Paper 2: The Vindication of Eve: Unveiling the Goddess in Howards End
“When four men agree, what’s a girl to do?” This sentiment, voiced by Forster’s own “rubbishy little creature”, becomes laughably absurd in a novel like Howards End, where dim-witted Dolly exists chiefly for her insipidity and comedic appeal (68). But her statement’s irony resounds so profoundly because it is precisely Forster’s men who fail, time after time, to think, feel, or accomplish anything of great moral significance in the novel, thus opening a philosophical power vacuum that Forster must somehow fill. To compensate for his men’s inadequacy, he endows his elect women—Meg, Helen, and Mrs. Wilcox—with a mystical ability to perceive and piece together fragments of the fractured universe. By juxtaposing these idealized women beside various aspects of goddess symbolism, Forster asserts the female’s spiritual importance as an instrument more keenly attuned to the pattern of the universe. This harmonious female presence rejoins Man with Nature and past with present, reflecting spiritual wholeness when men prove deficient.
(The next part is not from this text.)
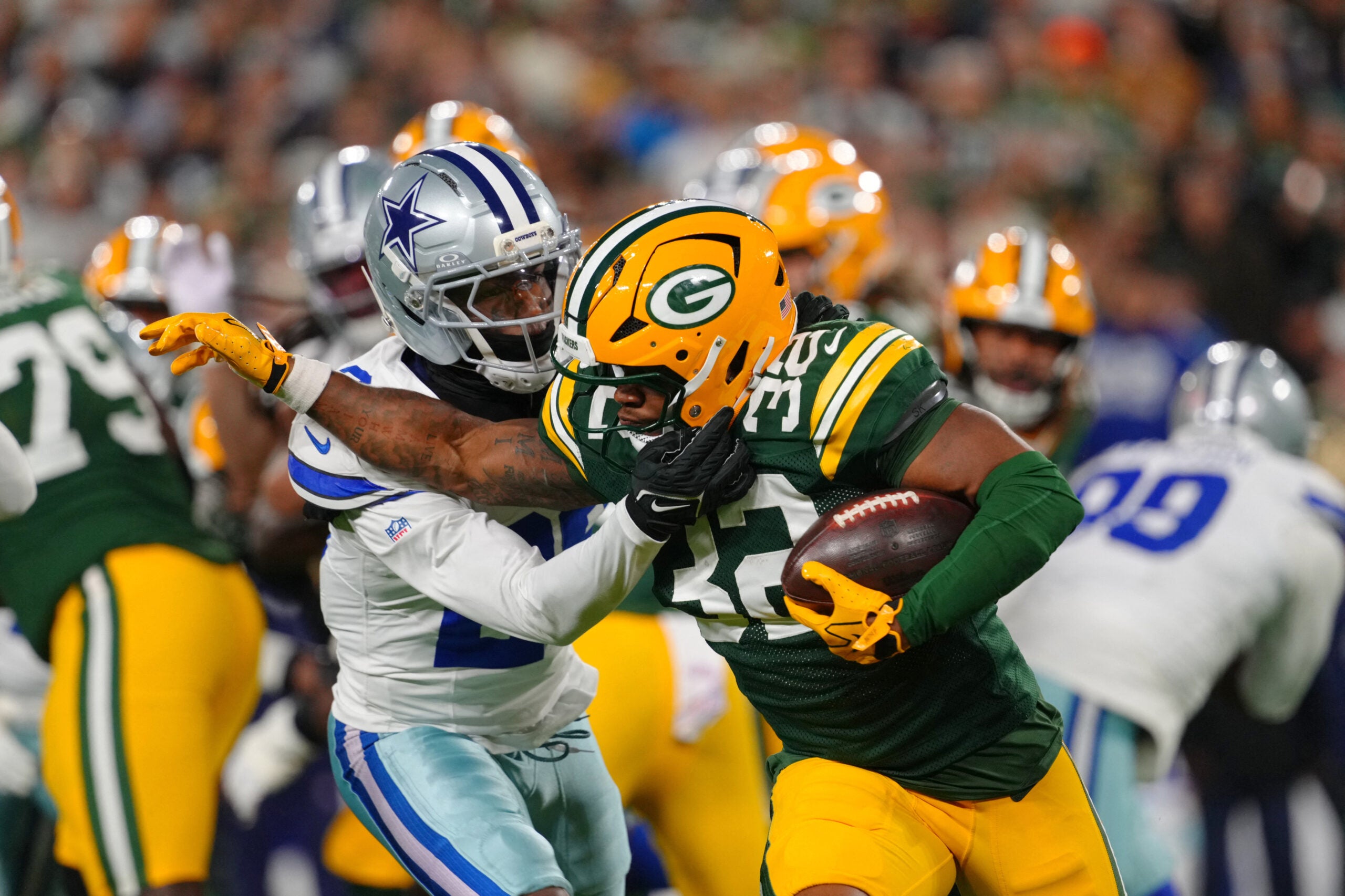 Oct 18, 2026; Green Bay, Wisconsin, USA; Green Bay Packers running back MarShawn Lloyd (32) runs the ball against Dallas Cowboys cornerback DaRon Bland (26) during the during the first quarter at Lambeau Field.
Paper 3: Kubla Can (But I Can’t): The Problem With Mediation in Coleridge’s “Kubla Khan”
One might assume that an introduction will guide an audience in their approach to the work it introduces—essentially, telling a reader how to read. But what if an author subtly insists that you approach the introduction with the same careful discernment required to unlock the piece it introduces? Coleridge prefaces “Kubla Khan” with a lengthy note explaining his poetic process in the creation of his iconic poem. Taking the speaker at his word, one might assume that the introductory note merely gives autobiographical context to an otherwise psychedelic, and rather frenetic, poem; in effect, anchoring an imaginative vision to reality. However, the note also seems to express the same frustration—the inability of the speaker to fully convey his poetic vision—that the poem itself does. This implies that both the note and the poem address precisely the same idea; that the poem itself is a poetic re-visioning of its prose counterpart, and vice versa. The marriage of the poetic and prosaic under the same title further implies that they are complementary sides of the same coin. Coleridge stitches these two pieces together in order to more wholly re-capture his vision. But despite these two different approaches, the speaker ultimately acknowledges his inability to fully “recollect” his fragmented vision, implying that the limitations of written form prevent both prose and poetry from completely conveying the speaker’s imaginative experience.
What do you think these introductions do well? Where do they need improvement? Are these examples helpful to you when trying to think about how an introduction works?